====== AVAILABLE RECORDS

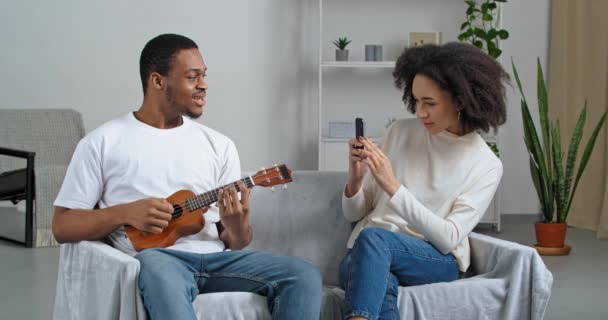 Afro amerykański mężczyzna muzyk siedzi na kanapie śpiewając małe hawajskie gitara instrument muzyczny dziewczyna kręcone kobieta za pomocą telefonu komórkowego pomaga chłopak nagrywać wideo muzyka lekcja robienia zdjęć — Wideo stockowe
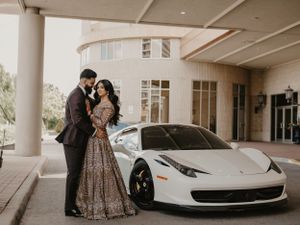 A white Ferrari 458 Italia parked under building columns with a romantic couple in formal attire standing beside it.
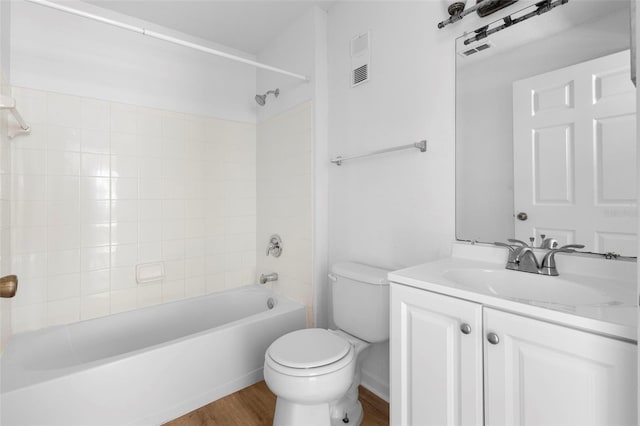 13037 Mulberry Park Dr Unit 529, Orlando, FL 32821 - full bath with tub / shower combination, vanity, and wood finished floors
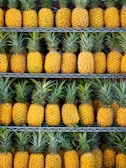 ripe pineapple fruits on shelf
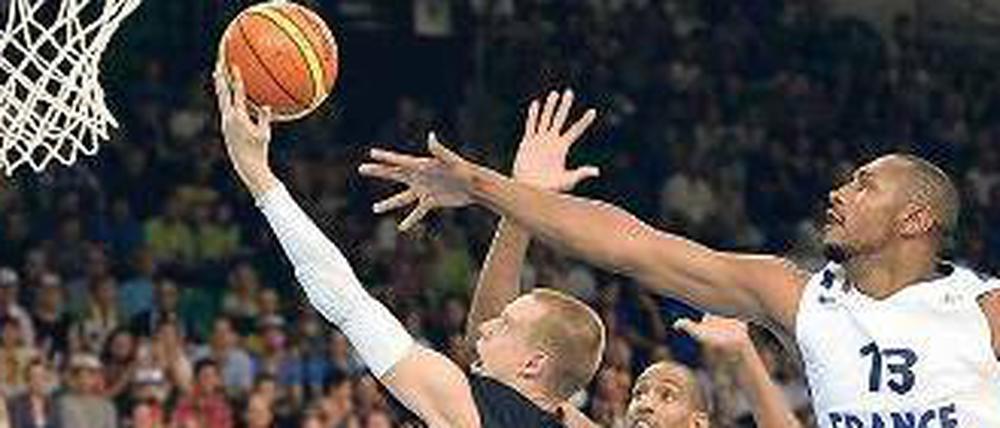 Mit links gepunktet. Robin Benzing erzielt zwei seiner insgesamt 19 Punkte, die Franzosen Alexis Ajinca (M.) und Boris Diaw (r.) kommen zu spät.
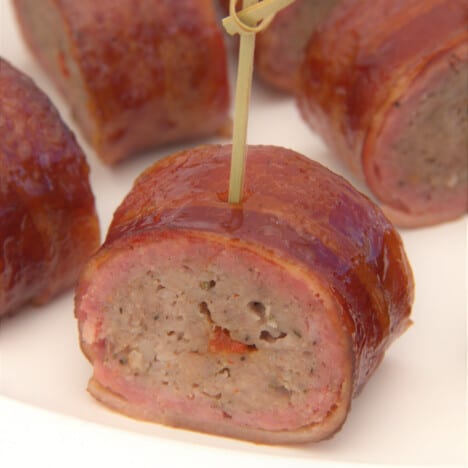 A close up on a slice of the bacon-wrapped sausage.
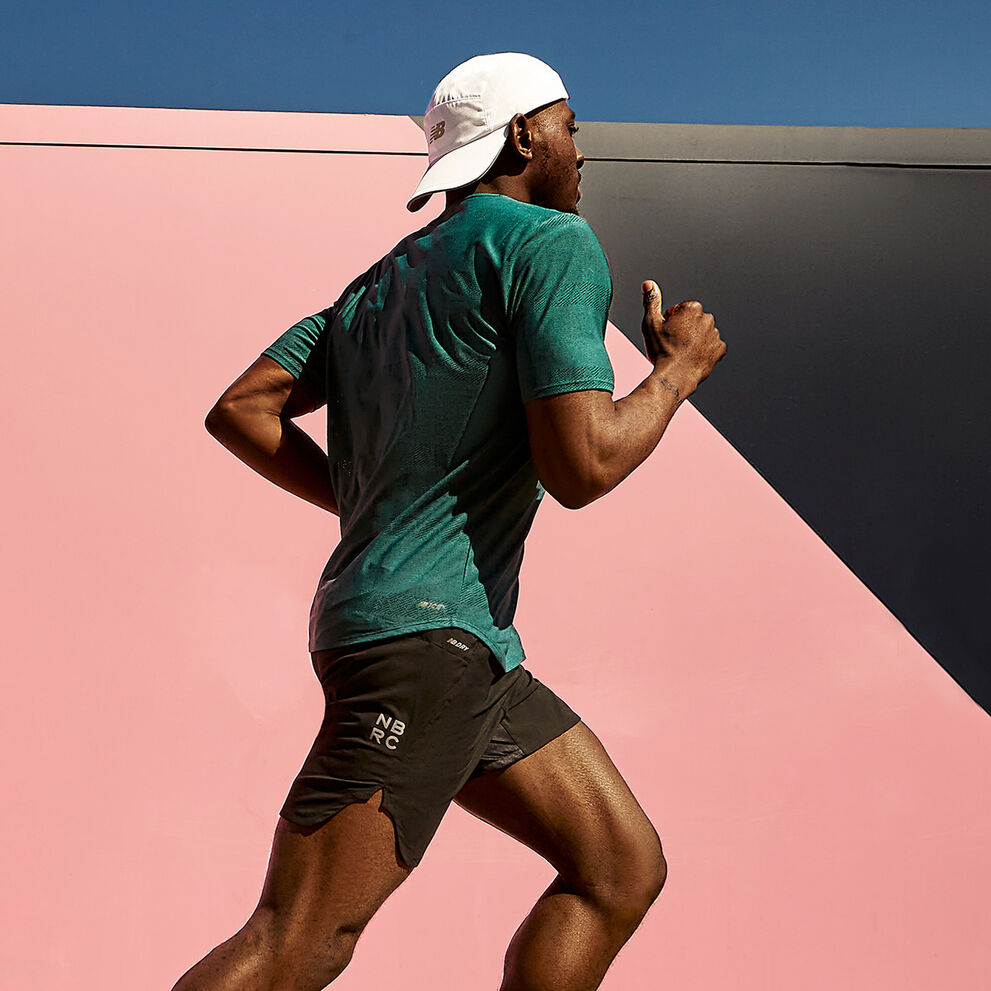 Man running profile against colorful wall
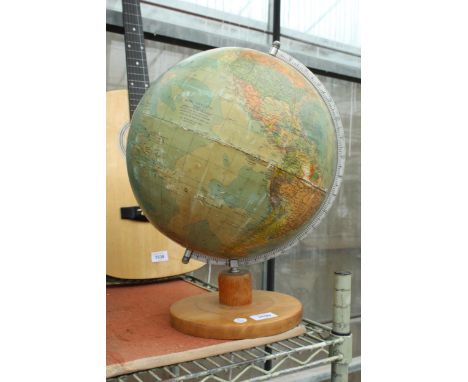 A VINTAGE REVOLVING WORLD GLOBE WITH WOODEN BASE 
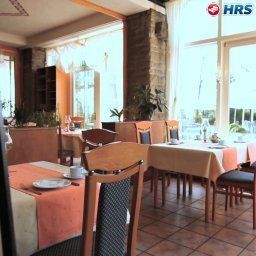 Sala de desayuno en el restaurante Saltenhof AKZENT Hotel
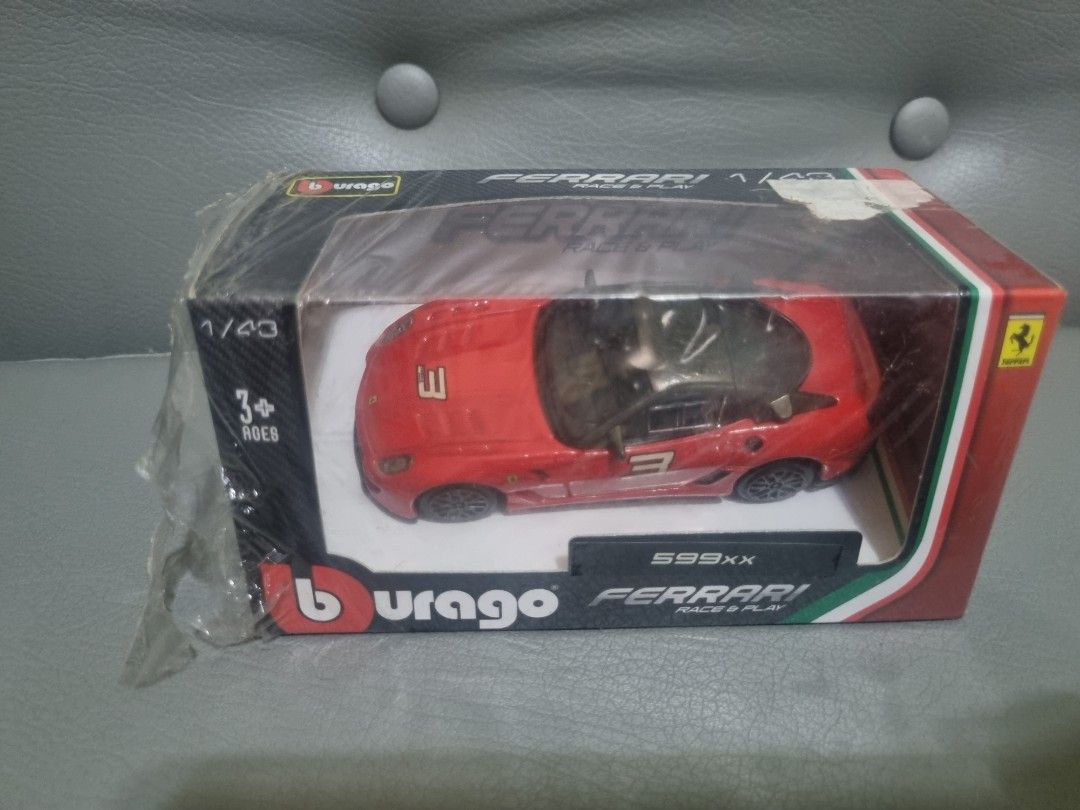 Burago Ferrari 599XX 1/43 (Category: Vehicle & Diecast Models) located in Silang. Submitted by samflores2k4t7 (Listing ID 1289739763, Image 1). Description: For sale Burago Ferrari 599XX Scale 1/43 Issue faded paint roof.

============

## WHAT IS EXPECTED
Please give every line above again word for word, apart from the pictures.

## OUTPUT FOR THIS EXERCISE
 Afro amerykański mężczyzna muzyk siedzi na kanapie śpiewając małe hawajskie gitara instrument muzyczny dziewczyna kręcone kobieta za pomocą telefonu komórkowego pomaga chłopak nagrywać wideo muzyka lekcja robienia zdjęć — Wideo stockowe
 A white Ferrari 458 Italia parked under building columns with a romantic couple in formal attire standing beside it.
 13037 Mulberry Park Dr Unit 529, Orlando, FL 32821 - full bath with tub / shower combination, vanity, and wood finished floors
 ripe pineapple fruits on shelf
 Mit links gepunktet. Robin Benzing erzielt zwei seiner insgesamt 19 Punkte, die Franzosen Alexis Ajinca (M.) und Boris Diaw (r.) kommen zu spät.
 A close up on a slice of the bacon-wrapped sausage.
 Man running profile against colorful wall
 A VINTAGE REVOLVING WORLD GLOBE WITH WOODEN BASE 
 Sala de desayuno en el restaurante Saltenhof AKZENT Hotel
 Burago Ferrari 599XX 1/43 (Category: Vehicle & Diecast Models) located in Silang. Submitted by samflores2k4t7 (Listing ID 1289739763, Image 1). Description: For sale Burago Ferrari 599XX Scale 1/43 Issue faded paint roof.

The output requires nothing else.